GARDAI are continuing the hunt for the killers of Daniel Gaynor who was gunned down in front of his young children at the weekend.
As the inquiry into the latest gangland hit continues, a fuller picture of the victim, who was linked to several deaths around the city, has emerged.
Hot-tempered hitman Gaynor had been amassing so many enemies it was only a matter of time before he was shot, according to sources.
Gaynor (25) was suspected of involvement in at least four murders and had a serious reputation for violent and erratic behaviour.
The gun for hire was just seven years of age when his father was shot dead by gardai during a botched raid on the Tara Post Office in Dunshaughlin, Co Meath.

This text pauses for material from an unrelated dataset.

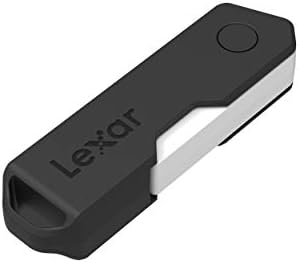 Lexar Jumpdrive Twistturn2 32GB USB 2.0 כונן הבזק, שחור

Gaynor grew up with little regard for the law and died by the gun.
He was murdered by a lone gunman who shot him three times, once fatally in the neck, as he and his family walked along St Helena's Road in Finglas, just metres from his partner's house, at 6.50pm.
Gardai discovered the murder weapon and investigations are continuing but numerous lines of enquiry and possible motives for the killing are emerging because of Gaynor's violent past.
Gaynor seemed destined for a life of crime from an early age and had been convicted of his first serious offence by the age of 19.
In 2004, Gaynor was given a six-year sentence for firing a gunshot through the window of the house of another teenager because he was owed €100.
Gaynor was tried and convicted of witness intimidation in relation to the same case in 2006.
The court heard that the intimidation of the 62-year-old female victim was so severe that a witness protection programme was "immediately" arranged for her.
Gaynor told her that her son's days were numbered and made a gesture of a shotgun to his head.
In November 2007, he received an 18-month sentence after he was caught with cocaine and diazepam during a 2005 appearance at Dublin District Court.
Gaynor should have been behind bars at the time of his death.
In March, he was jailed for three months for repeatedly punching a man he blamed for attacking his brother.
Judge David McHugh suspended the sentence for a year but it was set to have been reactivated last month when Gaynor was brought before the courts for public order offences, but he walked free from the courts pending an appeal of that decision which will never be heard.
Gaynor's involvement in crime evolved into the more sinister world of being a gun-for-hire after his release from prison in 2008.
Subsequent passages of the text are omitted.